North Carolina - First in Flight

Wright Flyer - First Flight (1903)

The Wright Flyer (often referred to as Flyer I or 1903 Flyer) was the first successful heavier-than-air powered aircraft. It was designed and built by the Wright brothers - Orville and Wilbur - of Dayton, Ohio. They flew it four times on December 17, 1903, near Kill Devil Hills, about four miles south of Kitty Hawk, North Carolina. The Wright Flyer was based on the Wright brothers' experience testing gliders at Kitty Hawk between 1900 and 1902. Their last glider, the 1902 Glider, led directly to the design of the Wright Flyer. The Wright brothers built the aircraft in 1903 using giant spruce wood as their construction material. Since they could not find a suitable automobile engine for the task, they commissioned their employee Charlie Taylor to build a new design from scratch, effectively a crude twelve (12) horsepower gasoline engine. A sprocket chain drive, borrowed from bicycle technology, powered the twin propellers, which were also made by hand.

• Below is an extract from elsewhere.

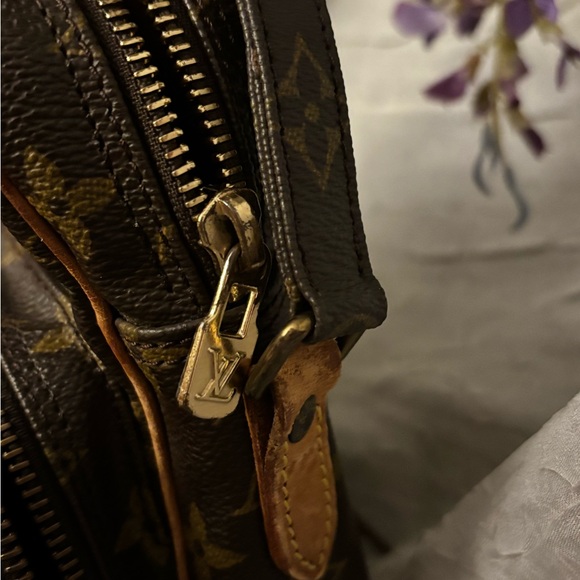 SOLD!!!!!! Louis Vuitton, Amazone monogram shoulder bag, Crossbody - Picture 3 of 15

The Wright Flyer was a bi-canard biplane configuration. As with the earlier gliders, the pilot flew lying on his stomach on the lower wing with his head toward the front of the craft in an effort to reduce drag. He steered by moving a cradle attached to his hips. The cradle pulled wires which warped the wings and turned the rudder simultaneously. The Wright Flyer's runway was a track of 2 x 4s laid on their narrow edge, which the brothers nicknamed the "Junction Railroad."

Orville and Wilbur returned to Kitty Hawk in 1903, and they completed assembly of the Wright Flyer while practicing on the 1902 glider from the previous season. On December 14, 1903, they felt ready for their first attempt at powered flight. With the help of men from a nearby government life-saving station, the Wright brothers moved the Wright Flyer and its launching rail to the incline of a nearby sand dune, Big Kill Devil Hill, intending to make a gravity-assisted takeoff. The brothers tossed a coin to decide who would get the first chance at piloting, and Wilbur won. The airplane left the rail, but Wilbur pulled up too sharply, stalled, and came down after 3-1/2 seconds, with minor damage.

Repairs after the abortive first flight took three days. When they were ready again on December 17th, the wind was averaging more than twenty (20) miles per hour, so the brothers laid the launching rail on level ground, pointed into the wind, near their camp. This time the wind, instead of an inclined launch, provided the necessary airspeed for takeoff. Because Wilbur had already had the first chance, Orville took his turn at the controls. His first flight lasted twelve (12) seconds for a total distance of 120 feet – shorter than the wingspan of a Boeing 747, as noted by observers in the 2003 commemoration of the first flight.

Taking turns, the Wrights made four brief, low-altitude flights that day. The flight paths were all essentially straight; turns were not attempted. Each flight ended in a bumpy and unplanned landing. The last flight, by Wilbur, was 852 feet in 59 seconds, much longer than each of the three previous flights of 120, 175, and 200 feet. The last landing broke the front elevator supports, which the Wright brothers hoped to repair for a possible four-mile flight to Kitty Hawk village. Soon after, a heavy gust picked up the Wright Flyer and tumbled it end-over-end, damaging it beyond any hope of quick repair. It was never flown again.

But, history was made. In North Carolina.

Created in 1982 to replace the much disputed 1975-1979 "First in Freedom" license plates, North Carolina continues to issue license plates with the slogan of "First in Flight." Of course, the citizens of the state of Ohio do not like these license plates, but although Wilbur and Orville Wright designed and built their gliders and the Wright Flyer in Dayton, OH, no one can dispute the "true fact" that the Wright brothers first flew their airplane in North Carolina in 1903.